So a balance between these three items has be reached. We either get smaller files (faster downloads for members) but at a loss of storage space and management time (item 1). Or we save on management time but increase the archive size and loss of server space (=increased costs of bandwidth and server) (item 2). Or we do what we really should, utilise certain modern technologies to cut down on space usage, backup time but unfortunately keep the size up. Does it sound paradoxal? Keep size up but keep down disk usage? Let me explain:

You all know by now about xdelta3 and delta compression (otherwise see thread I linked at the beginning). By comparing two files only the data that differs is saved into a new file, thus cutting down on the size of the "patch" files. By later applying the patch file to the source you can recreate the other files by using the differential data and common data to rebuild the files.

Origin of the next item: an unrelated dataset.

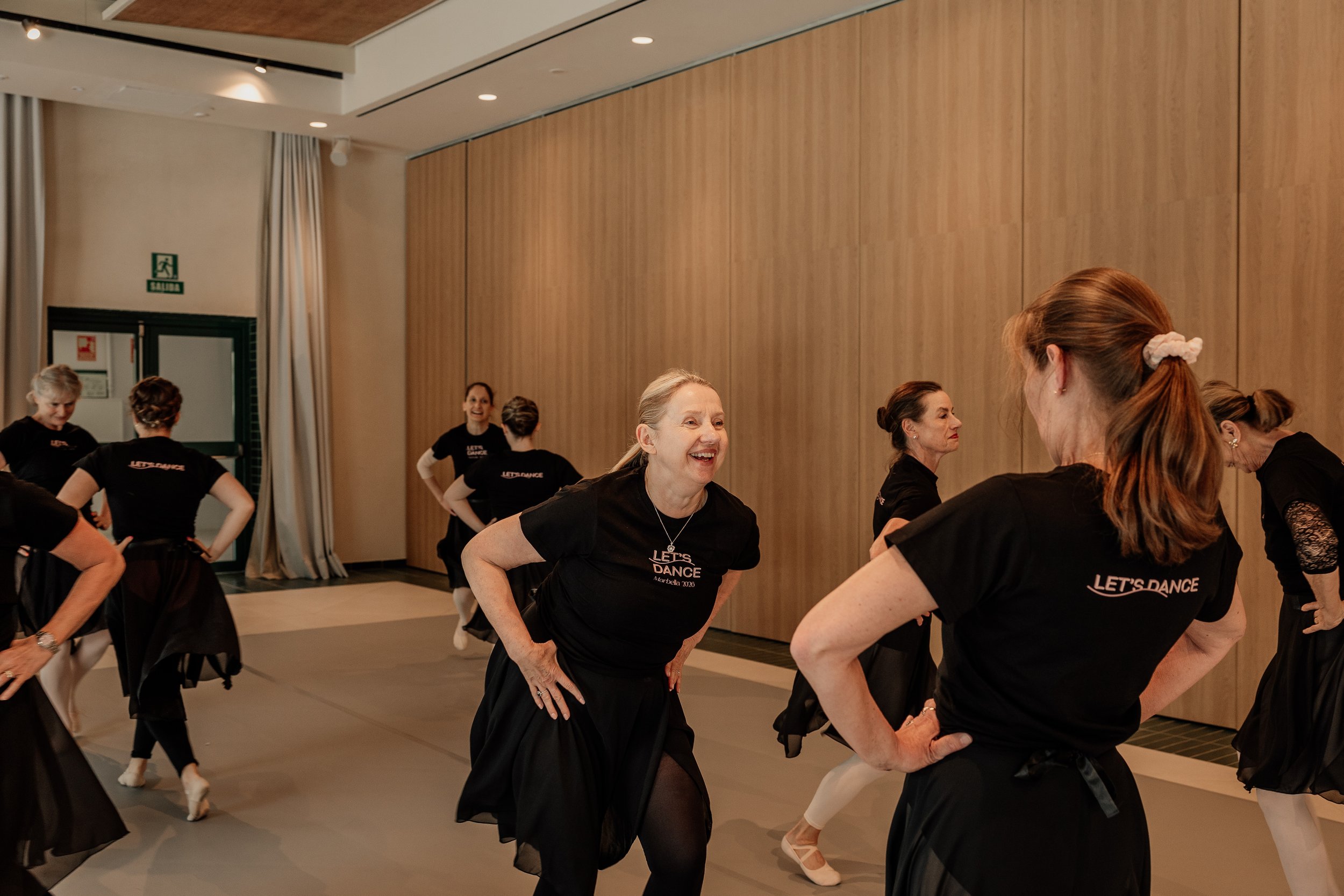 Women practicing choreography in a Spanish dance studio at our retreat.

As good as this may be it has two major drawbacks: It only handles two files at a time (which I have to manually choose for best result), and you have to keep track of the source files and patches, you can't rename either of them or it won't find the files to restore.

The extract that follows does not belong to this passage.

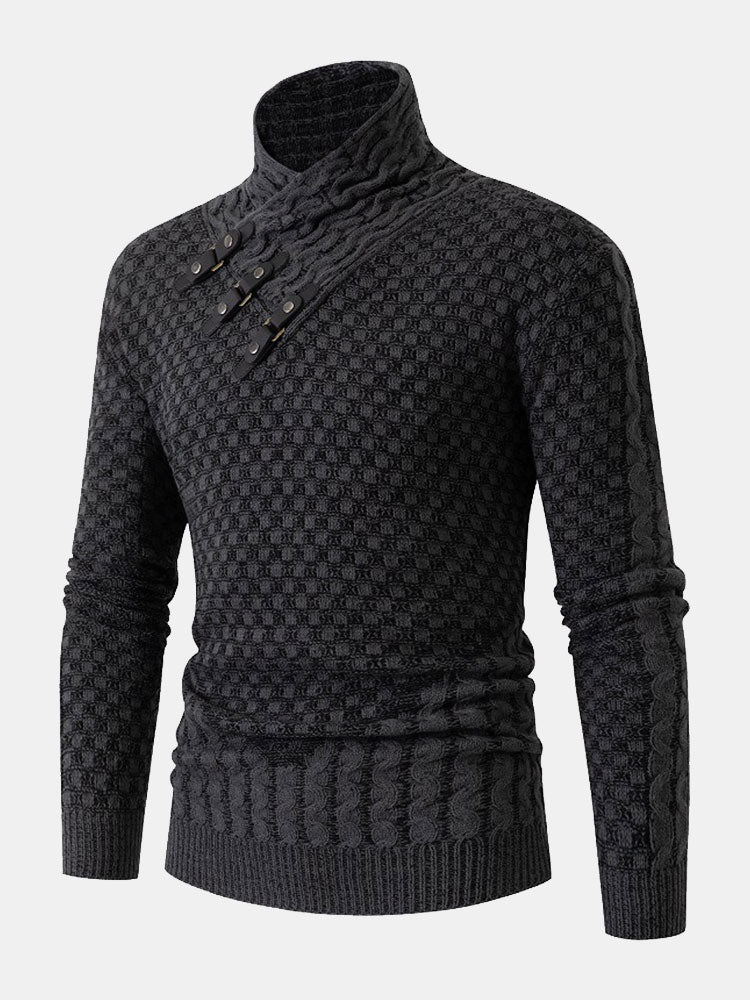 Fraser - Jacquard Knit Turtleneck with Leather Buckle Details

So after some research and a very convincing argument from dw5304 here on BA I looked into something called deduplication which is available in Windows Server 2012, 2012 R2 and Windows 8 (with some hacks, doesn't support it by default). It basically does what delta compression does, but in the background, transparently and on the whole volume at once. Which means I don't need to select which files to process, nor keep track of what the source files were etc. By a command it's launched and run in the background (or scheduled automatically), and after some processing you get your result. Same file size, smaller storage area on the harddrive.

But to archieve this no compression can be used whatsoever. This means that music, video and by default compressed data (Installshield archives, games, video, audio etc) will not deduplicate at all. But those won't compress much either so the loss in the end is minimal. So I went ahead and did some tests on BA archives... I chose one of the BA drive that holds compilations and some abandonware stuff (you'll see a full list of tested categories in the screenshot below), unpacked it all and then went ahead and enabled deduplication. Where I achieved 30-40% savings with xdelta compression (which was also painfully complicated because I had to manually select and sort the files to be delta compressed) the savings achieved by deduplication was by far more impressive.

Here's a small example with some of the BetaArchive file sections:

Image
Left side is fully uncompressed archives, right side is the BA archive as it looks today, max compressed RAR files with 5% recovery.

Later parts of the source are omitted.